The clock package duplicates much of the functionality of time
from the standard library, while allowing for greater control over the flow of time for use in testing and simulations. Each clock instance may track its own flow of time (using its own definitions of Time or Duration as necessary), while appropriately triggering Timers and Tickers created with them. These may be useful for mocking the time
package in test code as well as working with simulation timers while retaining the familiar API of the time
package.
In general, clocks provided by these packages should behave monotonically (unless explicitly set or stepped backwards) and should also provide a thread-safe public interface. There are several implementations supplied in subpackages below.
The design of this package is mostly complete, though there may still be some bugs to work out or minor API changes before a stable release.
A thin wrapper around the time
package. One important caveat is that Timers and Tickers provide access to their channel via a C()
method rather than a field of the same name. This was decided to permit easier specification of interfaces.
A basic clock implementation using a simple time representation that starts at zero and counts upwards. It advances only when explicitly stepped.

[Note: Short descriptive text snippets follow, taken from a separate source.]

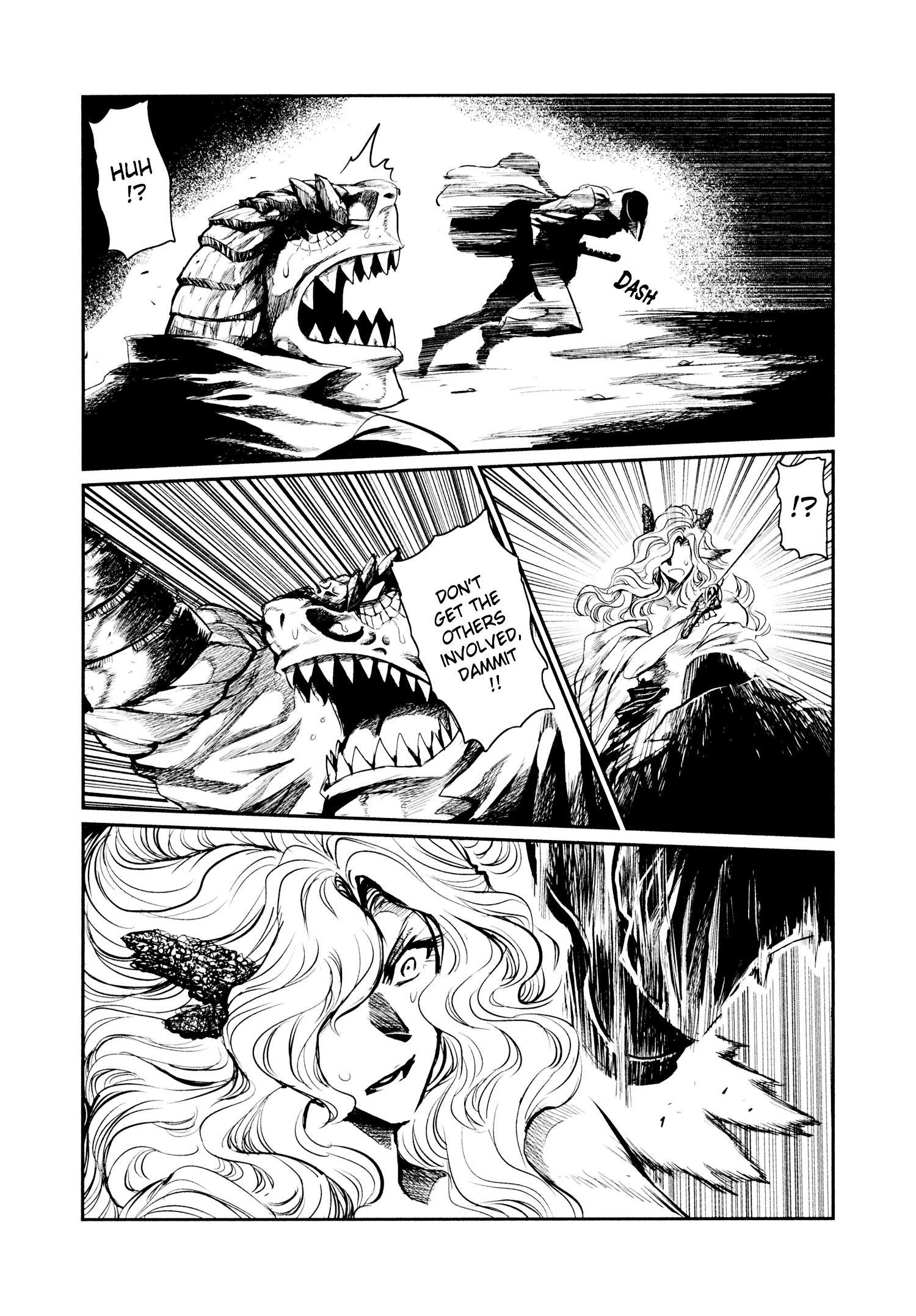 Read Keyman - The Hand of Judgement (en) Manga Online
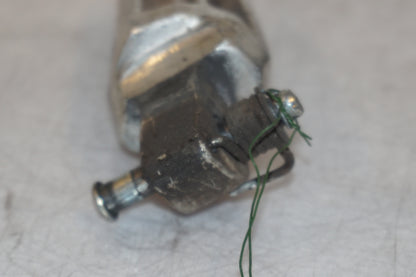 Snett uppifrån på Fotpinne från en Suzuki GSX 400 -1983 motorcykel.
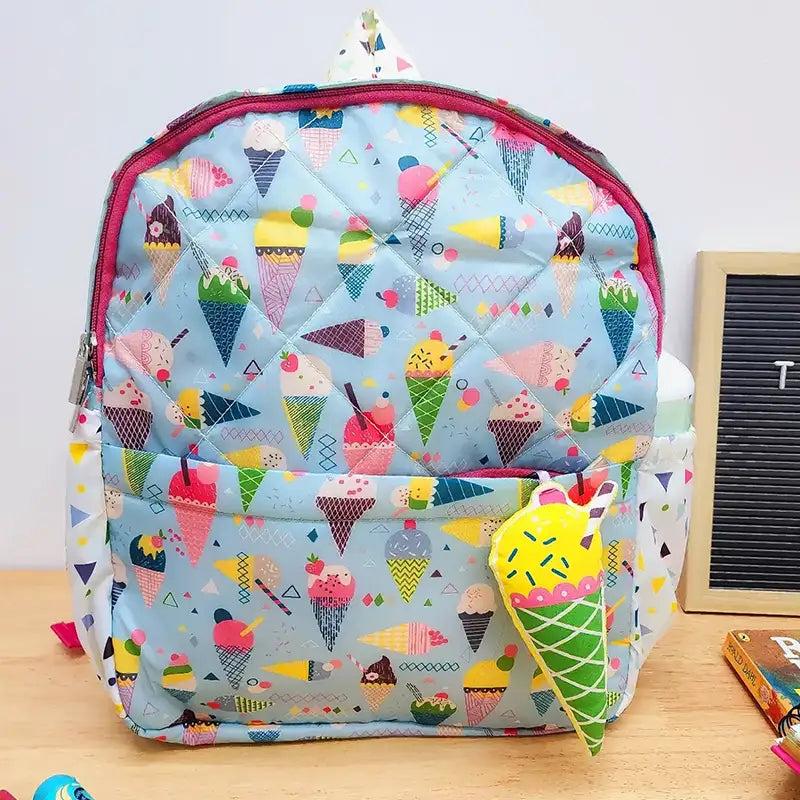 Ice-cream Backpack - Front View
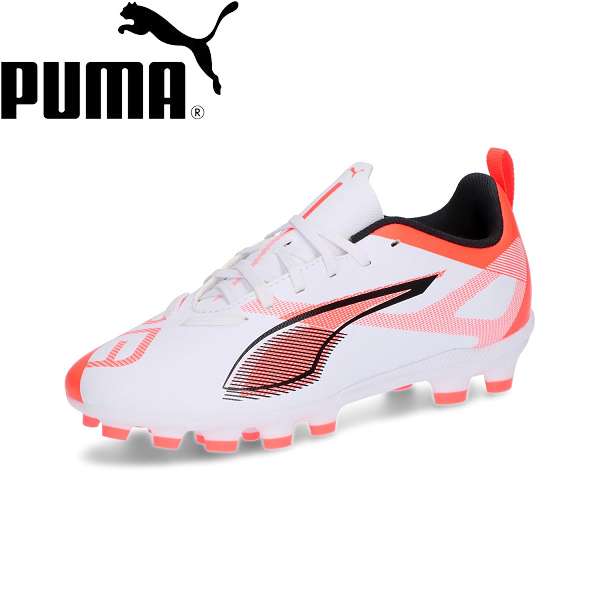◆◆ ＜プーマ＞ PUMA ウルトラ 5 プレイ HG/AG + MID JR 108325 (01) サッカースパイクの通販は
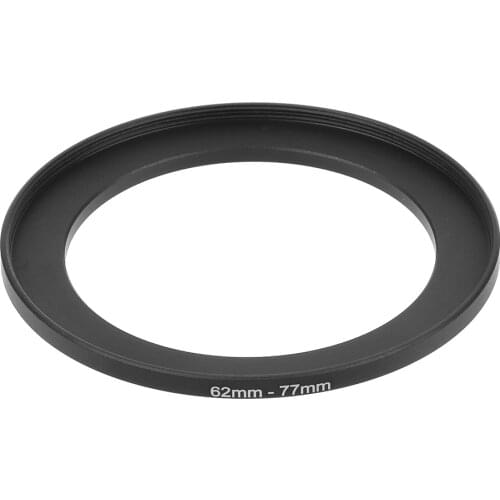 2020 New 62mm To 77mm Metal Step Up Rings Lens Adapter Filter Camera Tool Accessories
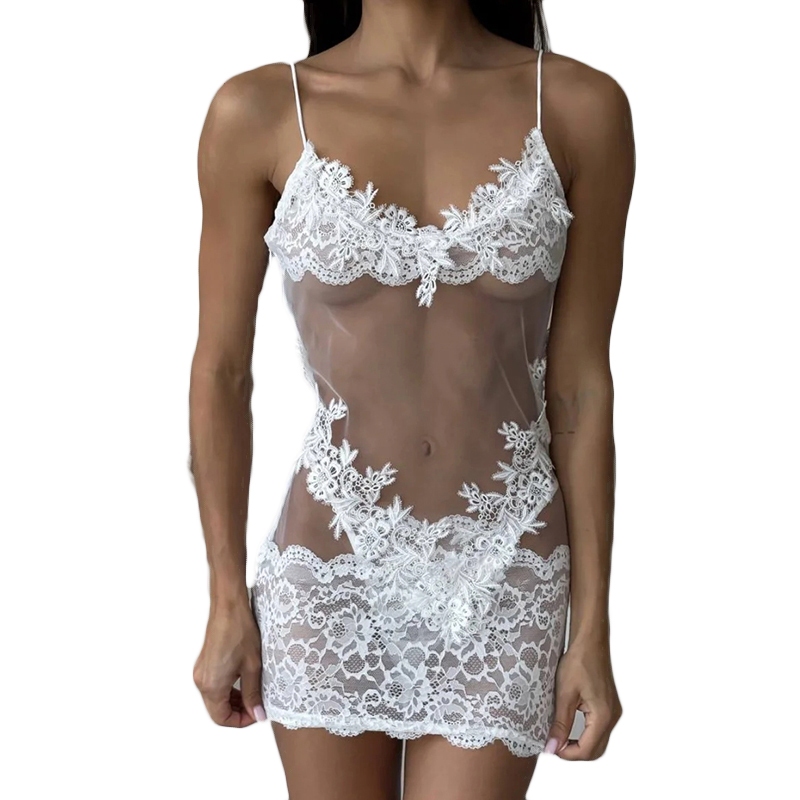 Women'S Fashion Line - Camisola Sexy de Renda para Mulheres,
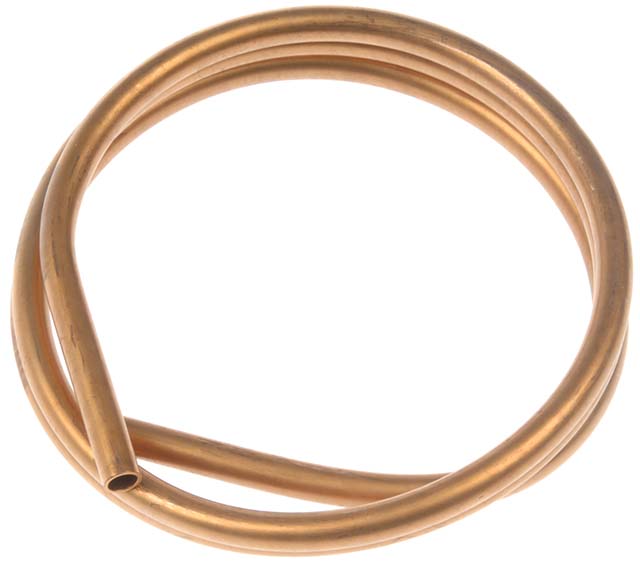 Copper Tubing 1/4  (pr ft.) (Bremserør) - DO510-010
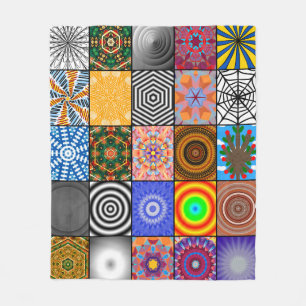 prachtige kleur van abstracte achtergrond, var fleece deken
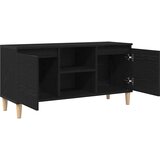 TV ormar Crni hrast 102 x 35 x 50 cm Konstruirano drvo | Eponuda.ba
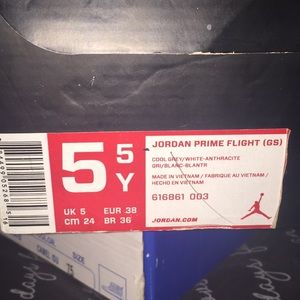 Jordan female sneakers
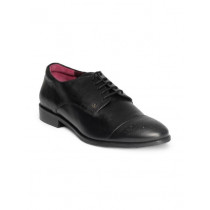 Arrow Men Black Formal Shoes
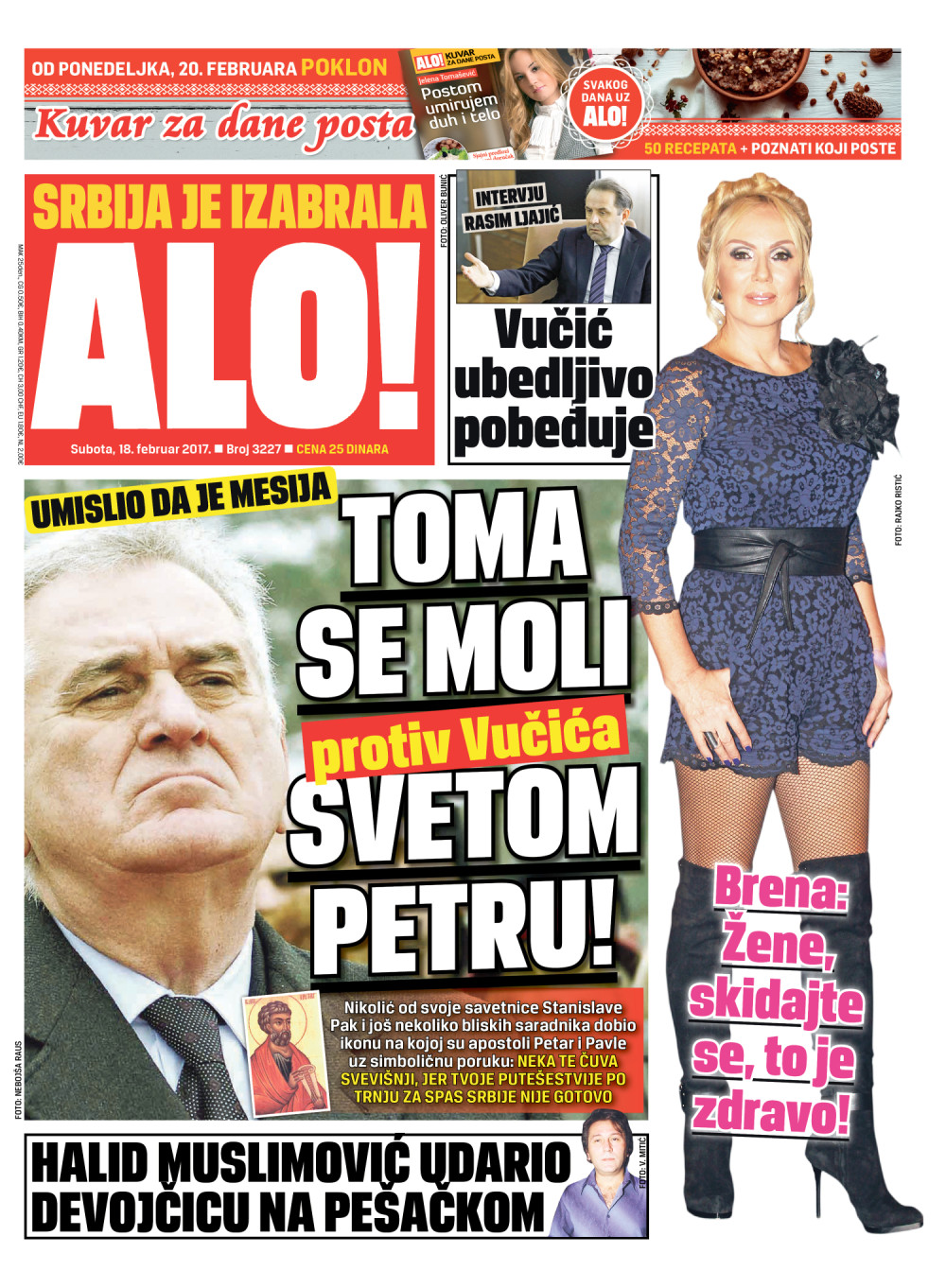 Naslovna za: 18.2.2017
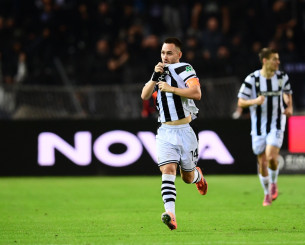 Το γκολ ανατροπής του ΠΑΟΚ με τον Ζίβκοβιτς (video)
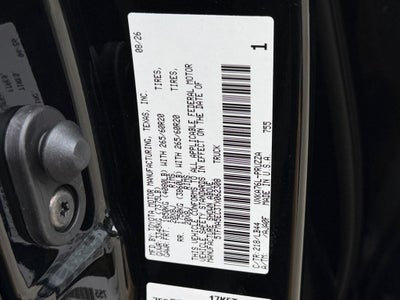 2026 Toyota Tundra 1794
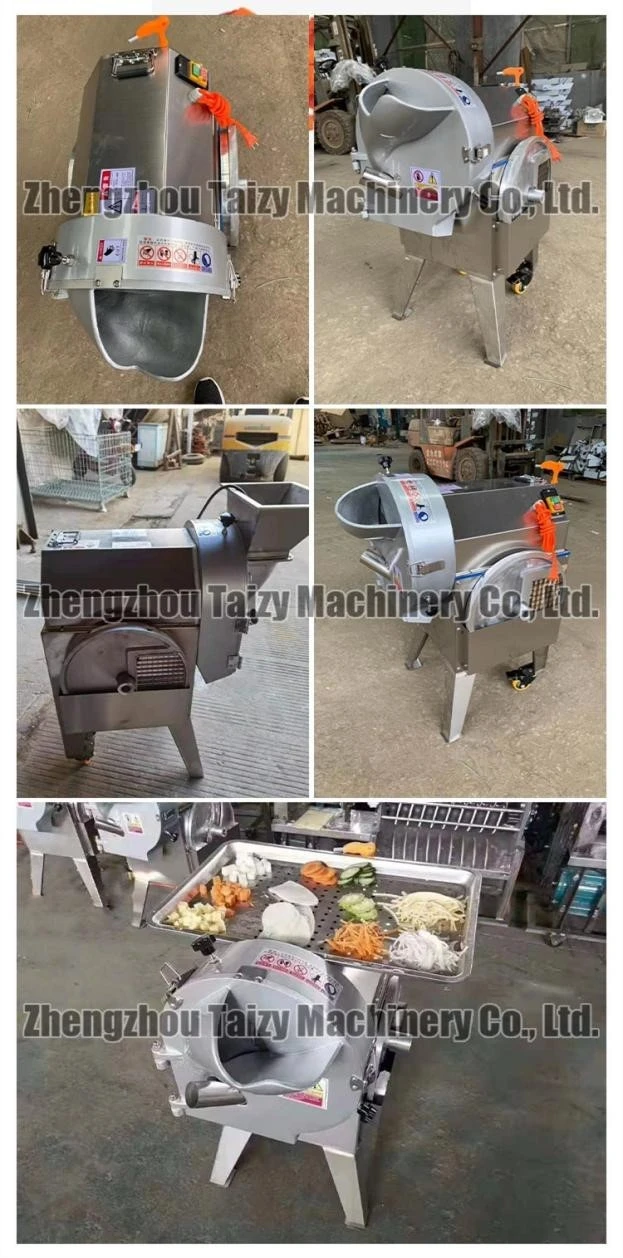 Potato chips cutting machine Potato chips cutting machine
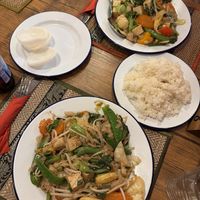   at Thai Harbwr in Porthmadog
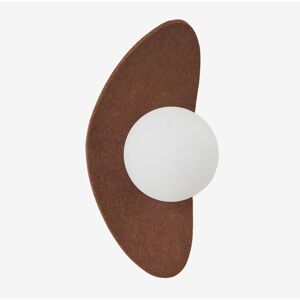 Ayerte Wandleuchte Braun - Sklum Ayerte Wandleuchte Braun - Sklum
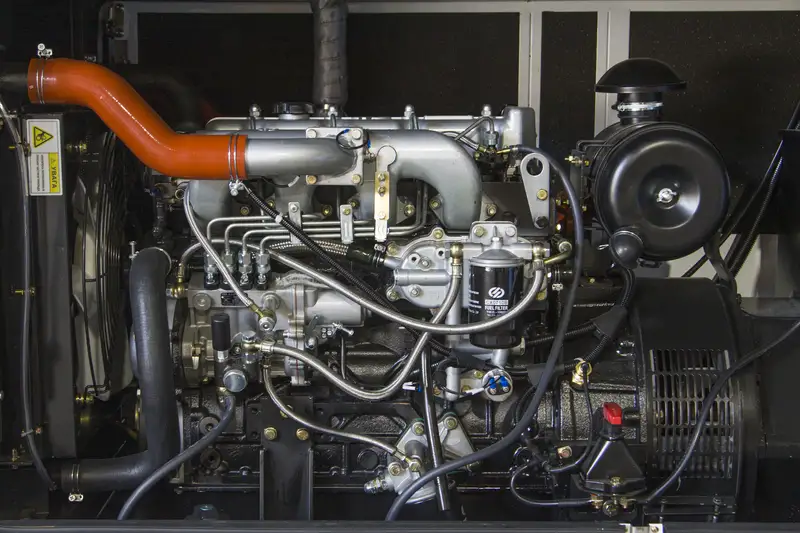 Електростанція дизельна Hyundai DHY 35KSE +ATS 60A — Photo 3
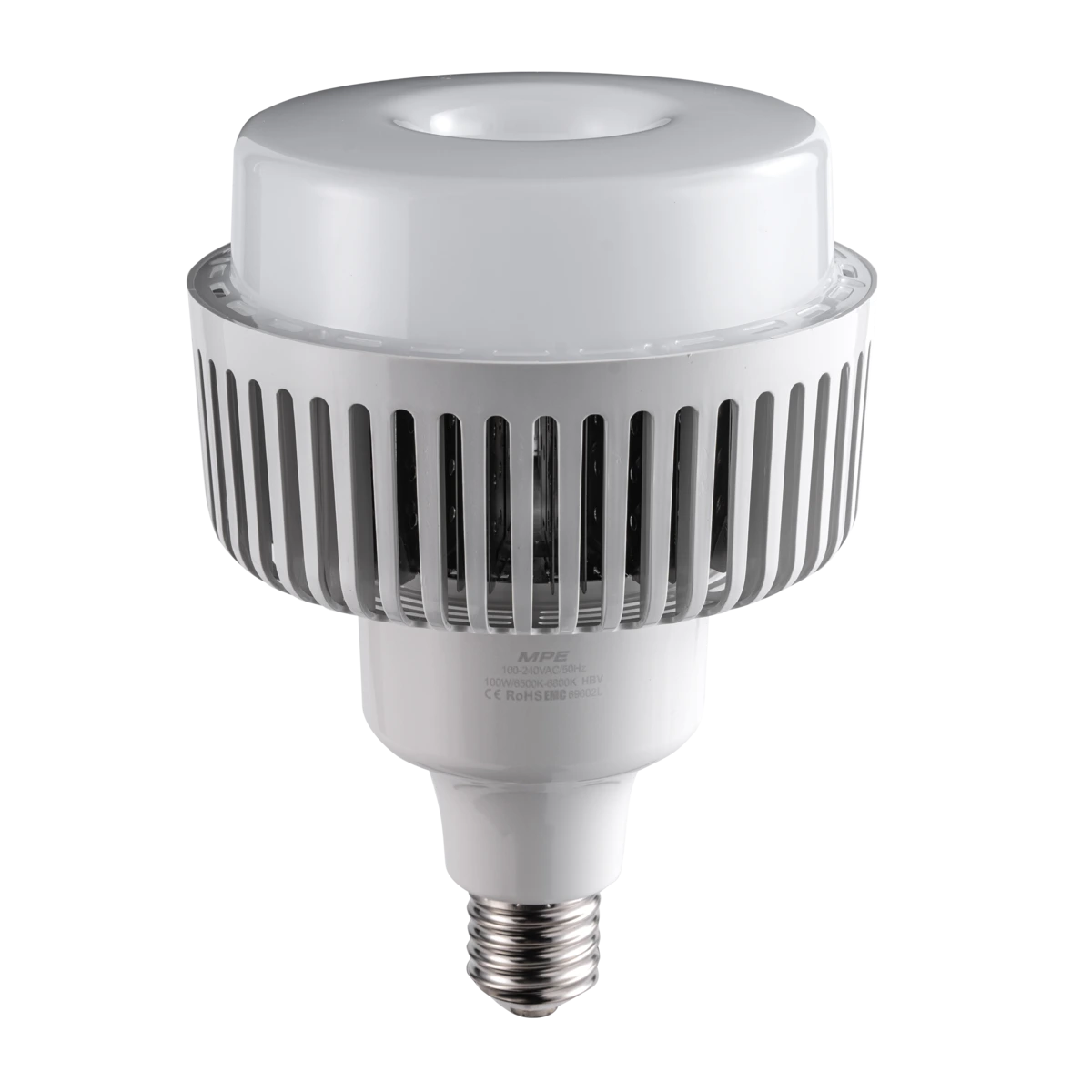 Đèn LED highbay 100W sáng trắng MPE HBV-100T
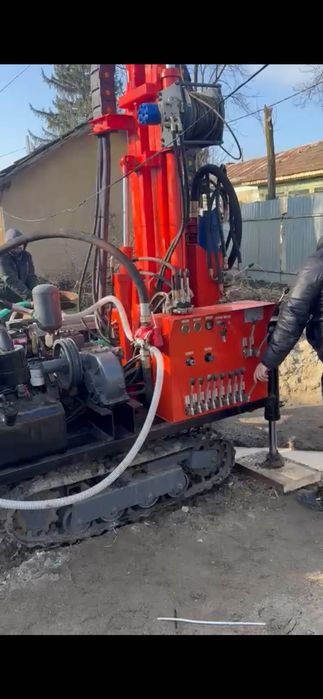 Foraje puțuri de apă /mica si mare adâncime /scanare detecție apă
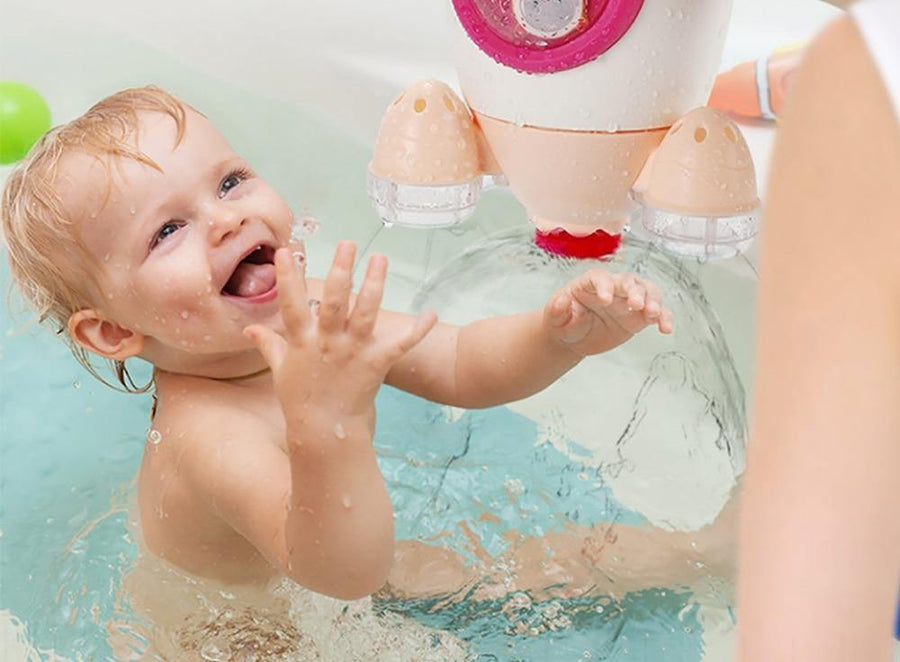 Baby Fun Bath Rocket Water Spray Toy - Image 3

A clock that can be set to track another clock as a reference with a specified offset and scaling factor. It may start, stop, or adjust any tracking parameters at runtime, with timers created on it behaving appropriately. It is defined with a generic interface so that it may be used with clocks that use various implementations of time or duration values.
Uses relativetime and realtime to implement a drop in replacement for a realtime clock with all the additional control of a relative clock. It also provides package-level functions to match the API of the standard library's time
package, for mocking purposes. Note that the caveats for Timers and Tickers mentioned for realtime clocks above apply here as well.